Concernant l’ODD 4 relatif à l’éducation, les élèves étant restés plus de trois mois sans aller à l’école, l’avenir de l’année académique est incertain. Cette fermeture des écoles ne sera pas sans conséquences.

Aujourd’hui, afin de préserver les acquis, il est plus que jamais nécessaire de maintenir, voire renforcer les programmes existants de santé sexuelle et reproductive et de planification familiale. L’Alliance Nationale des jeunes pour la Santé de la Reproduction et la Planification familiale (ANJSR/PF), consciente de l’enjeu de la situation, a lancé, deux semaines après l’apparition de la COVID-19 au Sénégal, un appel à action sur les réseaux sociaux. L’objectif était d’interpeler aussi bien la société civile, l’État et ses partenaires techniques et financiers, sur l’importance de continuer la lutte pour les droits en matière de santé sexuelle et reproductive en cette période de pandémie.

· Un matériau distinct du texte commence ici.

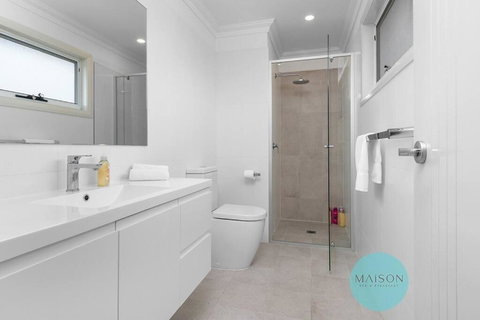 Modern Townhouse In The Heart Of Adamstown - Darwin Holiday 2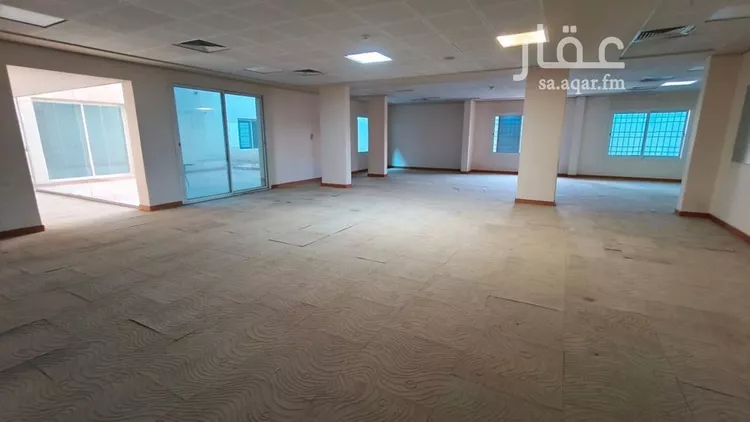 عمارة للإيجار في شارع العليا, حي المروج, مدينة الرياض, منطقة الرياض 10
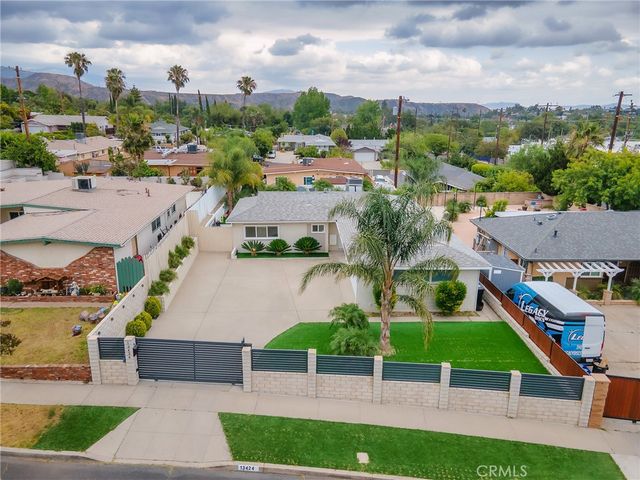 13424 Dyer Street, Sylmar, CA 91342
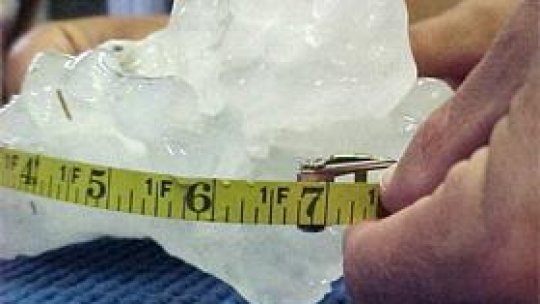 Bob de grindină de dimensiuni record în SUA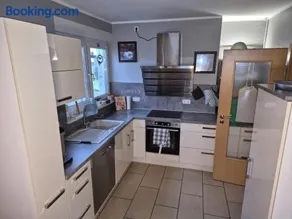 Schöne 3-Zimmer-Wohnung mit Balkon - Image 2
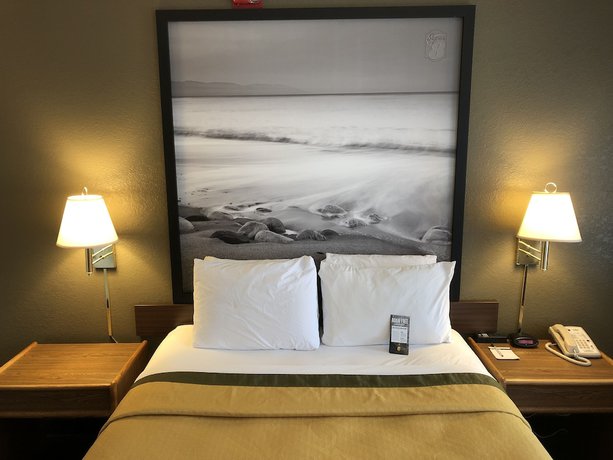 Imagen de la habitación del Hotel Super 8 by Wyndham Fort Bragg. Foto 19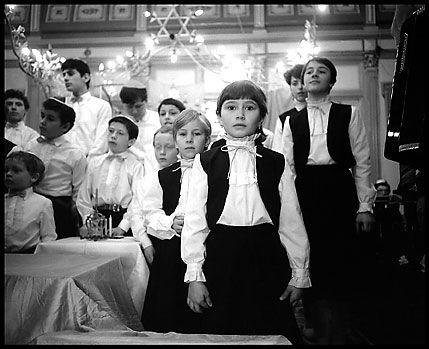 אדוארד סירוטה: הקהילה היהודית ברומניה, 1985 - 1987
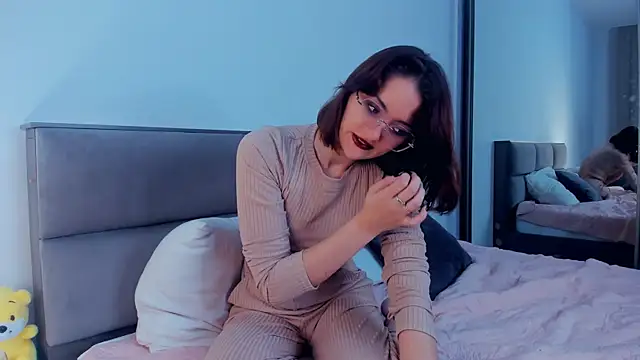 LorrieDegonia online show from October 31, 2025, 4:13 am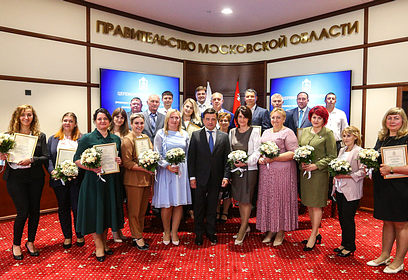 Губернатор Андрей Воробьёв наградил одинцовскую семью, воспитывающую приёмных детей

Aujourd’hui plus que jamais, il faut prendre conscience que l’on devra vivre sous la menace du virus pendant encore quelques temps. Nous ne pouvons pas négliger toute une part essentielle de la santé plus longtemps. Il faut dès maintenant reprendre les bonnes habitudes. Les femmes peuvent reprendre leurs consultations prénatales ou de planification familiale et retourner dans les centres de santé en toute sécurité, sans risque d’y être contaminées. Afin que cela soit effectif, il faudra :

  • Faciliter l’accès aux méthodes à longue durée d’action
  • Intégrer la planification familiale aux soins postnataux
  • Encourager et fournir les méthodes de planification familiale auto-soins
  • Transférer les compétences
  • Utiliser les médias sociaux pour sensibiliser et donner accès à la télémédecine
  • Mettre en place des stratégies d’atténuation pour assurer l’approvisionnement jusqu’au dernier Km
  • Protéger le personnel sanitaire en fournissant le matériel nécessaire de manière régulière
  • Appuyer les organisations de jeunes dans leurs programmes en matière de santé sexuelle et reproductive

Avec sa population jeune, la structure démographique du Sénégal est très favorable pour booster notre économie. Nous devons profiter de la situation et faire l’investissement nécessaire pour en tirer pleinement profit.

C’est le moment de replacer la capture du dividende démographique dans les priorités nationales. Pour cela, la prise en charge de la santé sexuelle et reproductive, y compris la planification familiale chez les jeunes est plus que jamais nécessaire dans cette période de crise.